The phrase “common ground,” of course, was brought into Catholic parlance by the late Joseph Cardinal Bernadin of Chicago, who wanted to provide a forum for Catholics to discuss their differences on issues like Church authority and the role of the priesthood. Abortion was never put on the common ground table: To seek common ground on abortion is to accept that some number of innocent lives can be taken. This is Gore’s position. Cardinal Bernadin would have never accepted such a compromise with the culture of death.
The fact that such a story would come out of CNS makes one wonder how much the culture of death has a grip on the USCC. That those who edit these stories and write their headlines would not immediately reject such a wording indicates a serious lack of Catholic judgment at CNS. It is not the case that Zapor was simply quoting Gore with comment; she uses his language without quotation in the middle of the article: “Gore said he sees a bourgeoning grassroots movement seeking common ground on abortion.”
Anyone who is in the business of Catholic journalism knows full well that to use the phrase “common ground” is to draw on the moral and spiritual capital of Cardinal Bernadin’s legacy. I suppose we can look forward to further CNS articles on the search for common ground on euthanasia and partial-birth abortion.
The USCC also raised numerous eyebrows with the release of its presidential candidate questionnaire on October 17. The first nine pages of the questionnaire were released that morning, with the remaining eleven pages inexplicably added the next afternoon. For legal reasons, the USCC explains, the questionnaire contains “verbatim responses and comments” of candidates to questions posed by the conference.

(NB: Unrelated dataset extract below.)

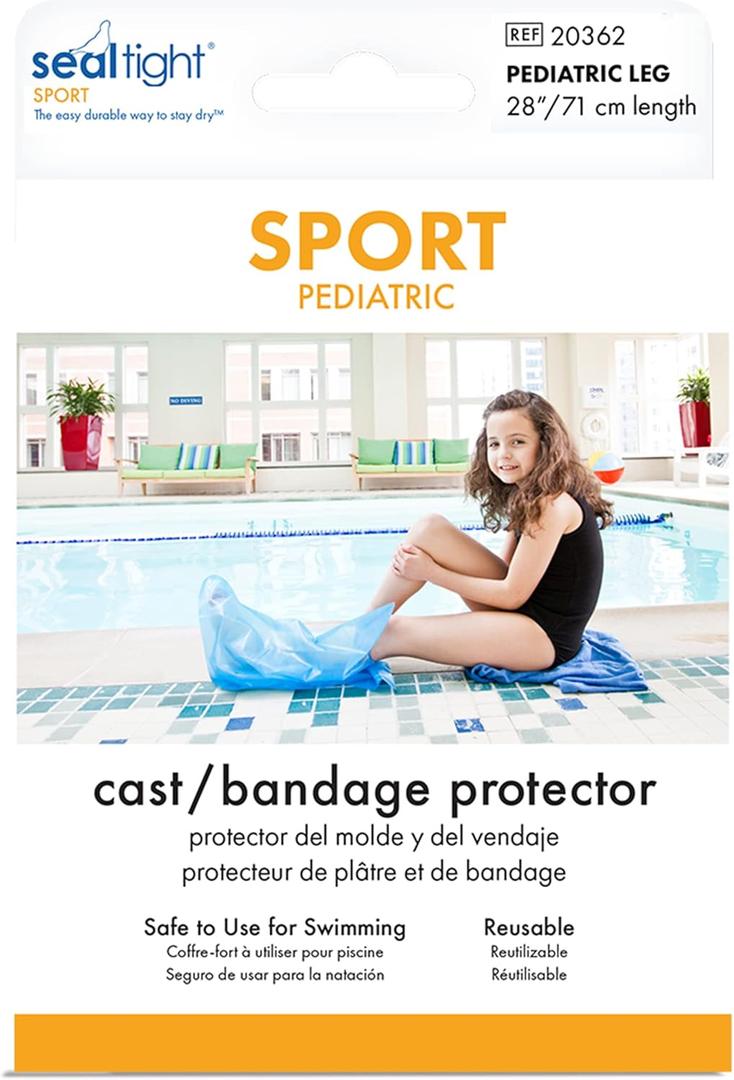 Brownmed - Seal Tight Sport Pediatric - Kid's Cast Swimming Cover - Waterproof Leg Bandage & Cast Cover for Swimming & Showers - Durable Shower Protector & Cast Bag for Leg Casts - Pediatric Leg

Legal arguments aside, the result is unfortunate, because once again a pro-abortion candidate is provided an official Catholic forum to mislead the Catholic public.
On partial-birth abortion, Gore is quoted as saying, “Al Gore opposes late-term abortion and the procedure of partial-birth abortion…. Al Gore believes that any law prohibiting the partial-birth abortion procedure must be narrowly tailored, and should include protections for the life and health of the mother.” (Note that Gore sent his comments to the USCC in the third person, which makes them appear written by the bishops, while Bush’s comments were published in the first person.) The leadership at the
USCC knows that the health exception effectively negates the partial-birth abortion ban, but the format allows Gore to mislead Catholics who are not fully informed on this issue.

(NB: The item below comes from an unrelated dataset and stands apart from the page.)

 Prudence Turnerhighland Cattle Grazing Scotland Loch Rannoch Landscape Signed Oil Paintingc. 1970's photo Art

This is a repeat of the 1996 USCC candidate questionnaire that allowed Clinton to get away with the same misrepresentation of his position on abortion. Catholics helped to elect Clinton, and the unborn have been his victims. Protests were lodged then, so this time the conference action is surely intentional. If the USCC cannot present the candidates’ views in a way that truthfully informs the Catholic public, then the conference should stop issuing questionnaires altogether.

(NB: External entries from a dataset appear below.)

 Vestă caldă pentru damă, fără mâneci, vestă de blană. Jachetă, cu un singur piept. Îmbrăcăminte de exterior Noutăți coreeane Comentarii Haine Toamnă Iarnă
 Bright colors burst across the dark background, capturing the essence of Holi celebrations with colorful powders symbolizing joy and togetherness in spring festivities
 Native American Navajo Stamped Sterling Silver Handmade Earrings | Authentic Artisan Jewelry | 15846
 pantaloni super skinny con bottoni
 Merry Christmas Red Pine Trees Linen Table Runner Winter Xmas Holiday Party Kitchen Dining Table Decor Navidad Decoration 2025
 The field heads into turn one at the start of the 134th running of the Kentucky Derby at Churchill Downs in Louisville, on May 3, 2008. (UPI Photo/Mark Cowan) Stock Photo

There is no doubt in my mind that the USCC legal department is overly cautious: I am sure that Catholic bishops have the constitutional right to inform Catholics how a candidate’s position stands in relation to a clearly defined moral teaching of the Church. Moral guidance is a bishop’s job, and as far as I know, the IRS cannot and will not object. Such judgments do not constitute partisan activity, although they may affect the voting behavior of Catholic voters.
There are many issues of public policy where common ground should be sought between Democrats and Republicans in relation to Catholic social teaching—abortion is not one of them. Catholics depend on the USCC for accuracy in promulgating the teachings of the Church and representing them to those in the media and to Congress. These events during the crucial final weeks before the election demand scrutiny of the CNS and a reassessment of future candidate questionnaires.